• _What is being asked_
Please output exactly the lines below, starting at the line that has "Main courante débillardée" and ending at the line that has "Dôen Dronme straight leg Jean", both included; leave out all pictures and include nothing else.

• _Supplied records_
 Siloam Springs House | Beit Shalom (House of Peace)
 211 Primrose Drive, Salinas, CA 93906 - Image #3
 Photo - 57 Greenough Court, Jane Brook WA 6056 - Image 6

* * *

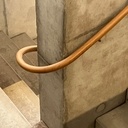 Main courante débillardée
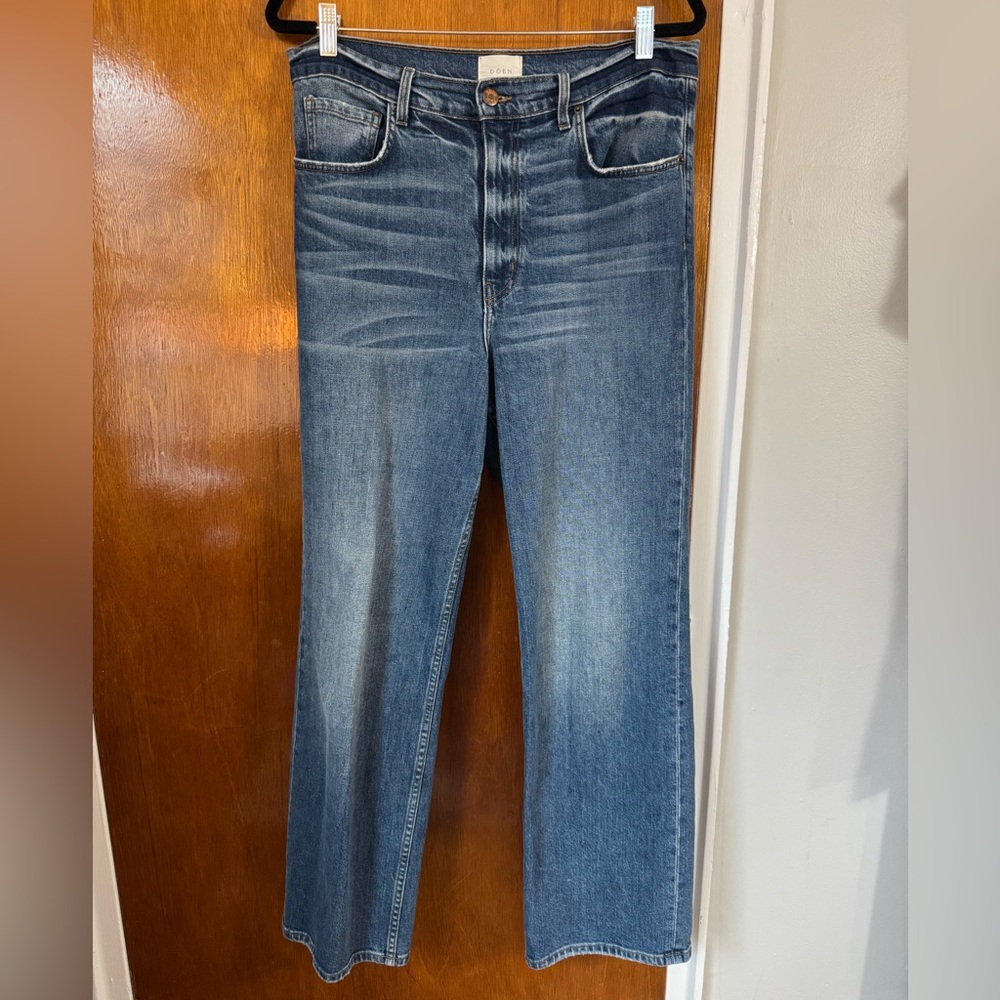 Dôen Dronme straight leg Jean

==

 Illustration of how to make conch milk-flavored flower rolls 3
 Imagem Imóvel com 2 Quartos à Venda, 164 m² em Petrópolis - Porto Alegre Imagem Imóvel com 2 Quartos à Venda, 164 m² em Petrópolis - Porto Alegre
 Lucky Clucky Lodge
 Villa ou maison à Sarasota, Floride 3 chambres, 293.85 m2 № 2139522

• _Exercise output_
 Main courante débillardée
 Dôen Dronme straight leg Jean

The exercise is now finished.